At some point NASA needs to decide if they want affordable access to space.  Having two dedicated NASA only rockets (CLV & CaLV) flying a few times a year is an extremely expensive venture, both recurring and non-recurring.  NASA is planning on spending over $20B through 2018 developing these 2 rockets.  And once they are built they won’t be cheep at $476m for the CLV (price quoted to the RLEP program at MSFC) and around $1B for the CaLV.  

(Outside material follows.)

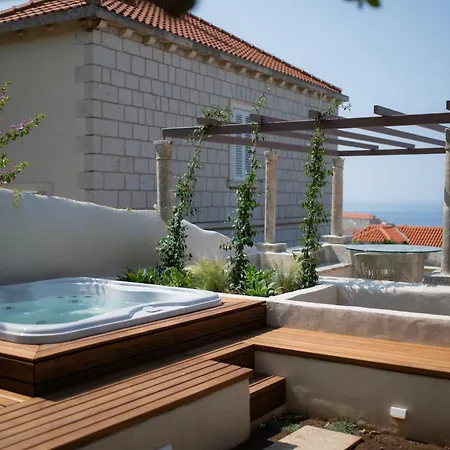 Maxima Comoda Luxury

If a lunar mission required 150 mT this would require ~6 Atlas or Delta HLV’s (25mT for Delta or 28 mT for Atlas).  For a Mars mission of 500 mT this would require 20 launches, not the 400 Kraisee refers to.  For the $20B non-recurring NASA already has planned one could purchase 100 EELV HLV launches, not including rate discounts.  The combined Atlas/Delta production capability was initially designed around 50 annual launches, plenty of capacity to accommodate a very robust exploration program.  Competing these launches would also open the opportunity to new launch providers.  NASA needs to maintain the flexibility to accommodate future agency needs.  A super heavy, exclusively geared to lunar missions will lock NASA into an infrastructure that can’t satisfy its needs.  I’m not convinced that CaLV effectively can support Mars seeing as NASA still hasn’t figured out how to use the CaLV to go to the moon and hasn’t really started looking at Mars

Beyond the incredible cost savings, Tap-Sa had it right. The Atlas and Delta rockets will have built up dozens of launches by the time the CEV is ready to fly, demonstrating their reliability.  At 1 or 2 launches per year how reliable will either the CLV or CaLV really be? I personally am tired of paper studies on reliability, shuttle was supposed to have only 1 failure in 10,000.  Actually demonstrated reliability is much more meaningful.  Atlas is currently at 78 successful launches in a row, including Atlas II, III and now V.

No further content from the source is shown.